A freeman became a serf usually through force or necessity. Sometimes freeholder or allodial owners were intimidated into dependency by the greater physical and legal force of a local baron. Often a few years of crop failure, a war or brigandage might leave a person unable to make his own way. In such a case a bargain was struck with the lord. In exchange for protection, service was required, in payment and/or with labor. These bargains were formalized in a ceremony known as "bondage" in which a serf placed his head in the seigneur's hands, parallel to the ceremony of "homage" where a vassal placed his hands between those of his lord. These oaths bonded the seigneur to their new serf and outlined the terms of their agreement. [2]Often these bargains were severe. A seventh century Anglo Saxon “Oath of Fealty" states “By the Lord before whom this sanctuary is holy, I will to N. be true and faithful, and love all which he loves and shun all which he shuns, according to the laws of God and the order of the world. Nor will I ever with will or action, through word or deed, do anything which is unpleasing to him, on condition that he will hold to me as I shall deserve it, and that he will perform everything as it was in our agreement when I submitted myself to him and chose his will.” To become a serf was a commitment that invaded all aspects of the serf’s life.

Moreover, serfdom was inherited. By taking on the duties of serfdom, serfs bound not only themselves but all of their future heirs.

Serfdom's class system

The class of peasant was often broken down into smaller categories. The distinctions between these classes were often less clear than would be suggested by the different names encountered for them. Most often, there were two types of peasants - freemen and villeins. However, both half-villeins, cottars or cottagers, and slaves made up a small percentage of workers.

Freemen

Freemen were essentially rent-paying tenant farmers who owed little or no service to the lord. In parts of eleventh-century England these freemen made up only ten percent of the peasant population and in the rest of Europe their numbers were relatively small.

Villeins

A villein was the most common type of serf in the Middle Ages. Villeins had more rights and status than those held as slaves, but were under a number of legal restrictions that differentiated them from the freeman. Villeins generally rented small homes, with or without land. As part of the contract with their landlord, they were expected to use some of their time to farm the lord's fields and the rest of their time was spent farming their own land. Like other types of serfs, they were required to provide other services, possibly in addition to a rent of money or goods. These services could be very onerous. Villeins were tied to the land and could not move away without their lord's consent. However, in other regards, they were free men in the eyes of the law. Villeins were generally able to have their own property, unlike slaves. Villeinage, as opposed to other forms of serfdom, was most common in Western European feudalism, where land ownership had developed from roots in Roman law.
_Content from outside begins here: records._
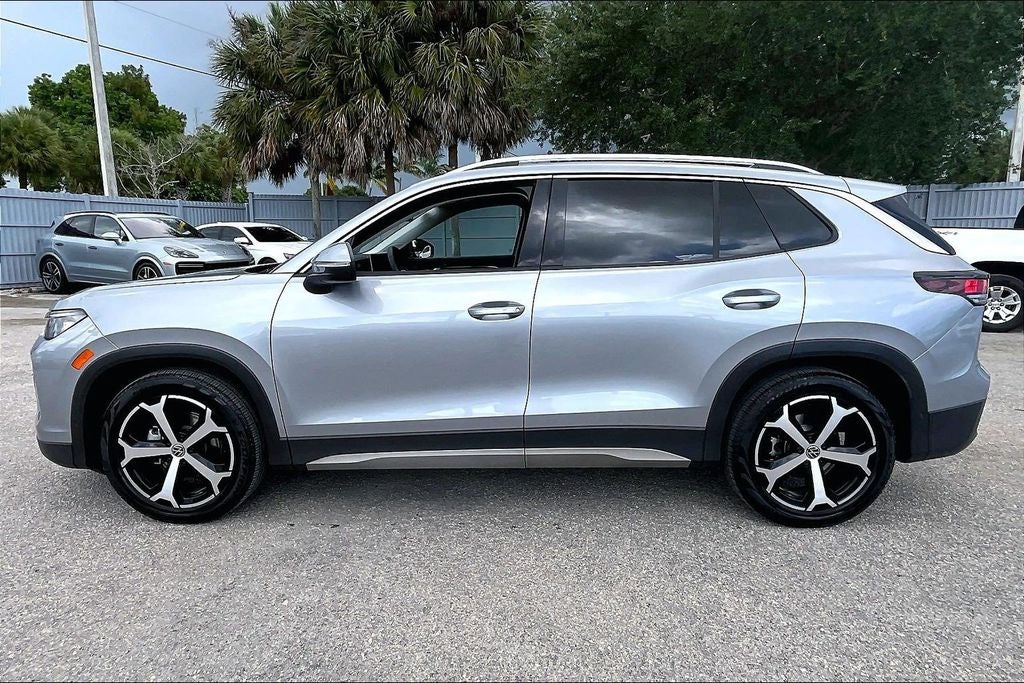 2026 Volkswagen Tiguan 2.0T SE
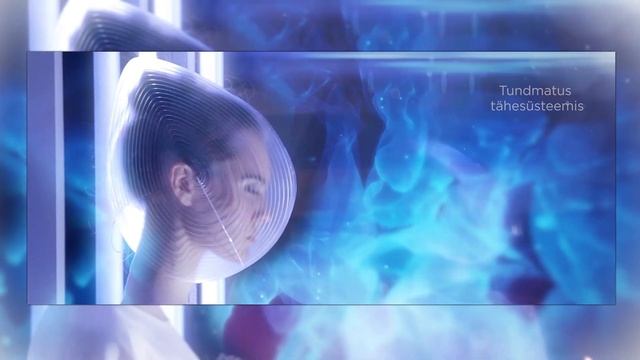 Tanel Veenre `Underwater Cosmos`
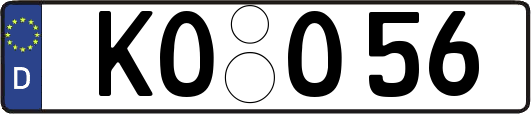 KO-O56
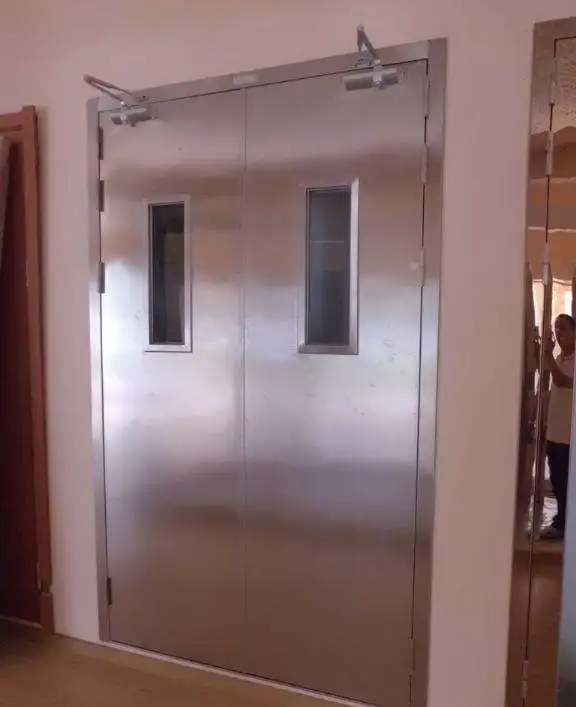 Anti Halogenation MGO Fireproof Board Fire Rated MGSO4 Door Core Premium Magnesium Oxide Boards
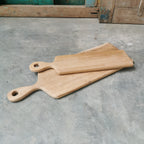Teak Platter/Cheese Board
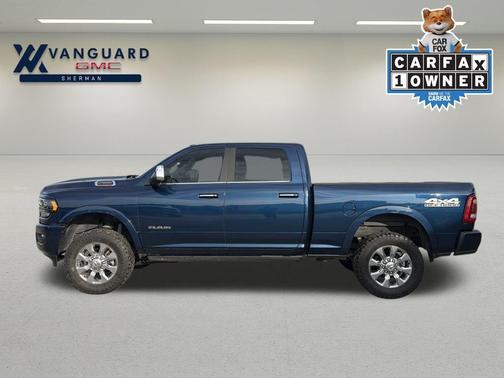 2022 RAM 2500 Limited Crew Cab 4x4 6'4' Box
A variety of kinds of villeinage existed in the European Middle Ages. Half-villeins received only half as many strips of land for their own use and owed a full complement of labor to the lord, often forcing them to rent out their services to other serfs to make up for this hardship. Villeinage was not, however, a purely exploitative relationship. In the Middle Ages, land guaranteed sustenance and survival, and being a villein guaranteed access to land. Landlords, even where legally able to, rarely evicted villeins because of the value of their labor. Villeinage was much preferable to being a vagabond, a slave, or an un-landed laborer.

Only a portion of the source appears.